Required action ->
Below are some records. Print exactly the lines between the one holding "It took me, you" and the one holding "So given the", inclusive, and nothing else.

(Stored items)
========

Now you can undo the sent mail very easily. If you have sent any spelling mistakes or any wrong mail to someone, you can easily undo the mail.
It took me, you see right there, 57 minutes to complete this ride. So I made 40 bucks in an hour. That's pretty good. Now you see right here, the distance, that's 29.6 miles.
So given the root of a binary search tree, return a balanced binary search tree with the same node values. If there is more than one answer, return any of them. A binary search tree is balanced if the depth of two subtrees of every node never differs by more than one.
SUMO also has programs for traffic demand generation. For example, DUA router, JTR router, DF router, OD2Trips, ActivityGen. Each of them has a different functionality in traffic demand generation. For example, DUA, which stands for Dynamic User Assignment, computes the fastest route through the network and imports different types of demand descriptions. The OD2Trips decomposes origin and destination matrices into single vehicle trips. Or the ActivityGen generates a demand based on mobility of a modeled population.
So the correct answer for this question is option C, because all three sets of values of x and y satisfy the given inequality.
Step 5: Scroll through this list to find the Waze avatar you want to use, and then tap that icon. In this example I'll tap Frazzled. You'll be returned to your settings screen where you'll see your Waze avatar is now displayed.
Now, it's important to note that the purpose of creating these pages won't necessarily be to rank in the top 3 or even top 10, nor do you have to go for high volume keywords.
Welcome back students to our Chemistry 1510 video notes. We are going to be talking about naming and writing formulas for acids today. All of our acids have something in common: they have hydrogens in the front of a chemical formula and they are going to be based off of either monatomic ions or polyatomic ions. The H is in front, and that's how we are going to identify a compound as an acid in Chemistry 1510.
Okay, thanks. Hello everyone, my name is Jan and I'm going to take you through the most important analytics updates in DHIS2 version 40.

========

Task result ->
It took me, you see right there, 57 minutes to complete this ride. So I made 40 bucks in an hour. That's pretty good. Now you see right here, the distance, that's 29.6 miles.
So given the root of a binary search tree, return a balanced binary search tree with the same node values. If there is more than one answer, return any of them. A binary search tree is balanced if the depth of two subtrees of every node never differs by more than one.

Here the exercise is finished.